▶ **What to produce**
The required result is an exact copy of every line from the one with "Vintage Signed Crown" through the last line below, with the pictures left out.

▶ **Dataset extract**
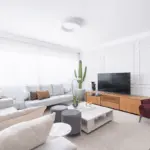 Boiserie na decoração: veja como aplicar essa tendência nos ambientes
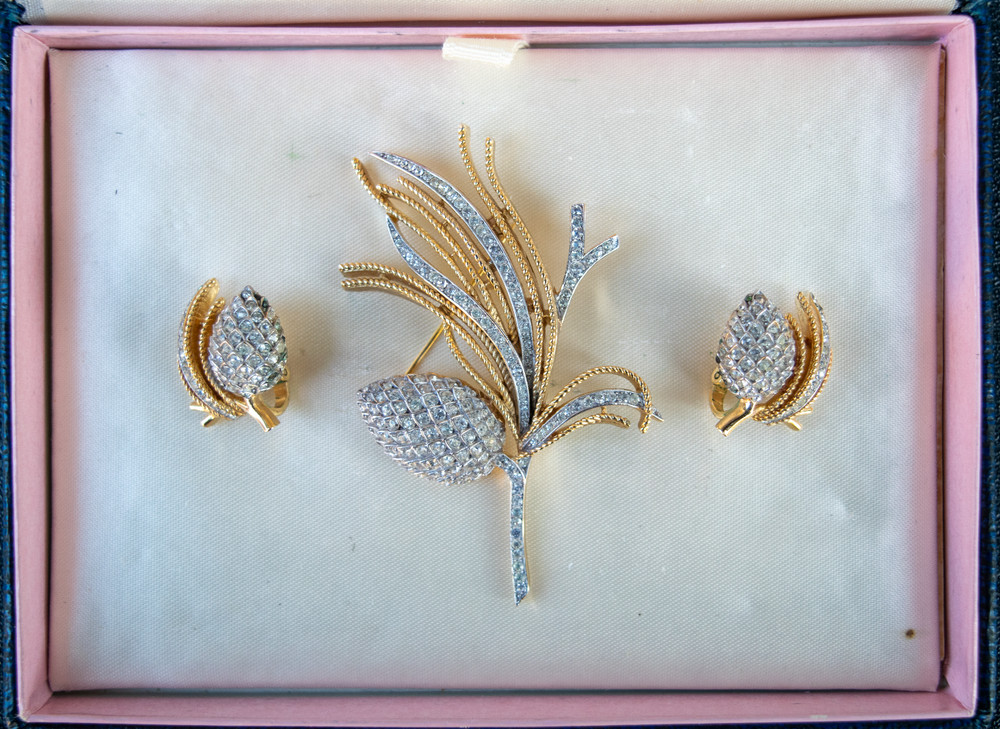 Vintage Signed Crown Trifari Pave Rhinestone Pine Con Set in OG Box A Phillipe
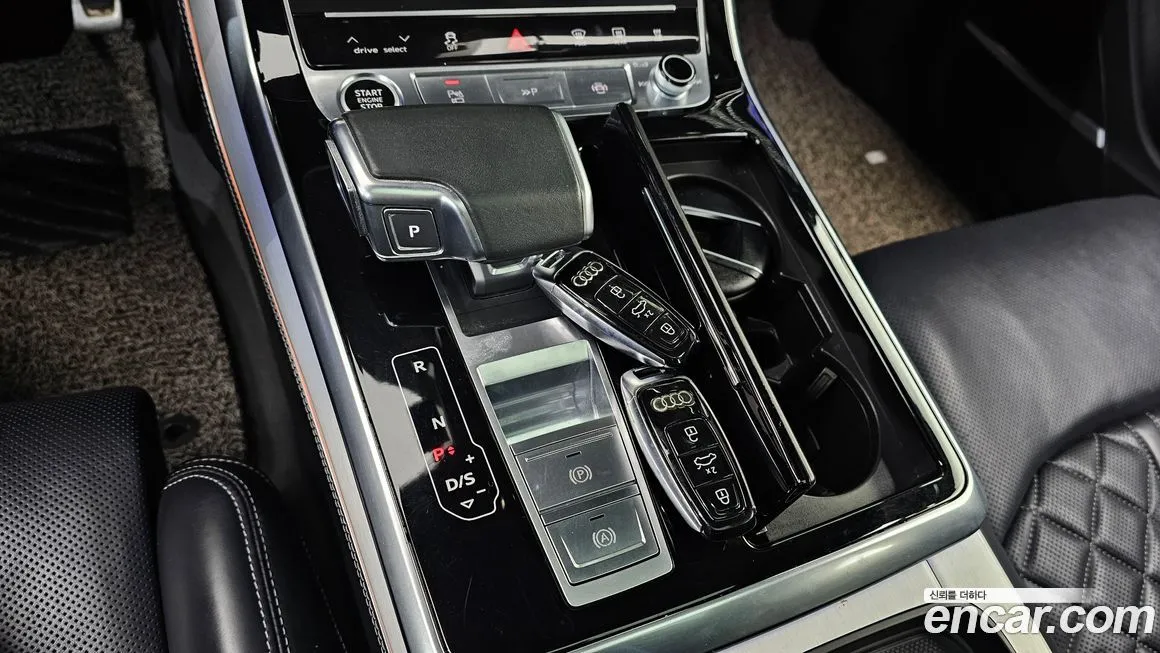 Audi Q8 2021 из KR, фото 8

▶ **Response area**
 Vintage Signed Crown Trifari Pave Rhinestone Pine Con Set in OG Box A Phillipe
 Audi Q8 2021 из KR, фото 8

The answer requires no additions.